当連結会計年度における当社グループ(当社および連結子会社)の財政状態、経営成績及びキャッシュ・フロー(以下、「経営成績等」という。)の状況の概要は次のとおりであります。
(経営成績)
当連結会計年度における事業環境は、新型コロナウイルス感染症の世界的な流行から徐々に回復に向かいました。しかし年後半には、変異種の出現もあり、依然予断を許さない状況が続いています。また、世界的なサプライチェーンにおける半導体等の部品不足、原油や原材料価格の高騰、物流遅延など、先行きの不透明な状況が続きました。
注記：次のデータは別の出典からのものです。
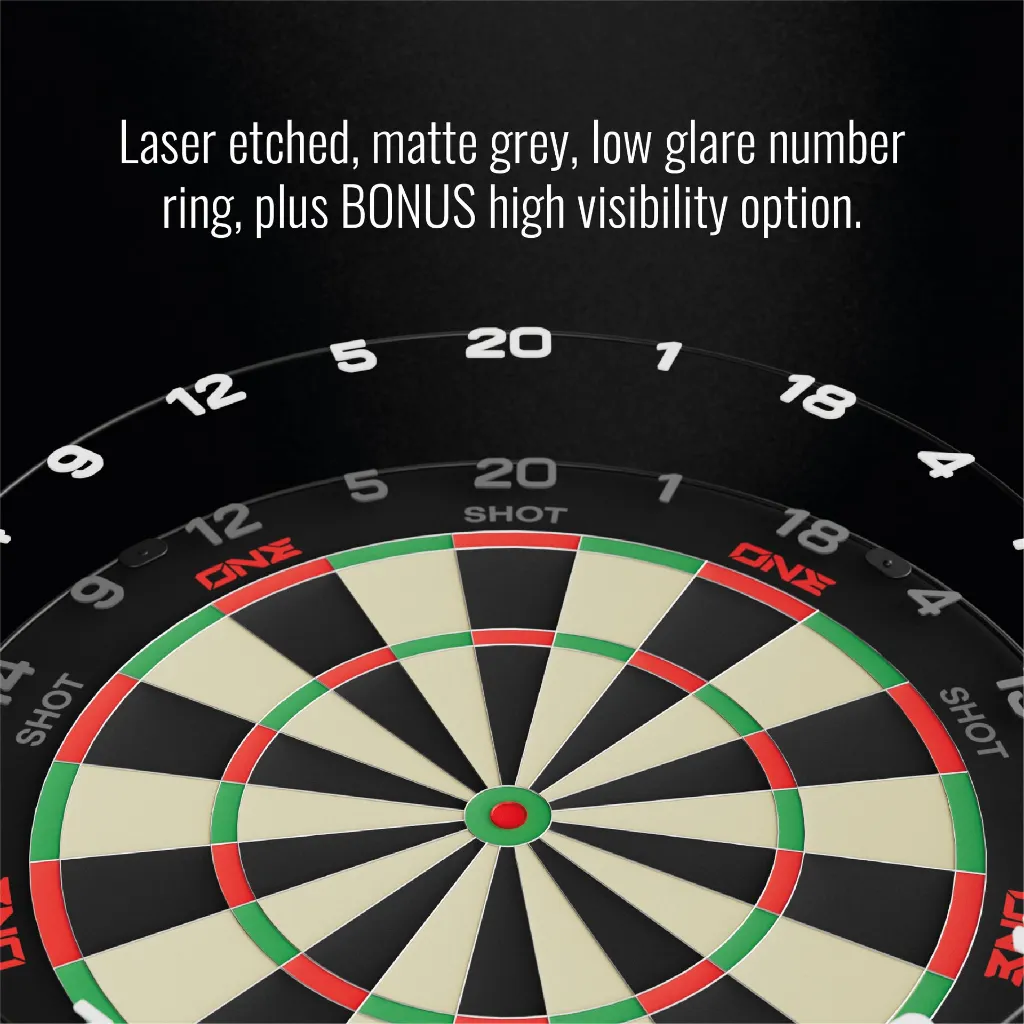One Board Listing Images-05.webp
当社グループに関連深い電子機器業界では、半導体関連をはじめ、電子機器工業界全般の活況に伴う需要増加の状況が続き、増収に結びついております。省人化設備の投入強化等、需要増加に対応すべくグループを挙げ生産体制を増強し、稼働率を向上することで収益面でも大きな成果が表れました。また、高付加価値品へのユーザーニーズのシフトが更なる収益性の向上に寄与し、前連結会計年度から大幅な増益となりました。
この結果、当連結会計年度の売上高は28,174百万円(前年同期比23.5%増)となり、営業利益は5,430百万円(同89.6%増)、経常利益は5,407百万円(同90.6%増)、親会社株主に帰属する当期純利益は3,803百万円(同49.8%増)となっております。
次にセグメント別の状況ですが、「日本」では、半導体関連製品の旺盛な需要、車載関連製品の回復により需要が急増しました。高付加価値品への需要の高まりが拡大したことにより利益率の大幅な改善につながっております。この地区での売上高(セグメント間取引消去を含む。以下同じ。)は19,832百万円(前年同期比23.7%増)となり、セグメント利益(営業利益)は3,905百万円(前年同期比136.3%増)となっております。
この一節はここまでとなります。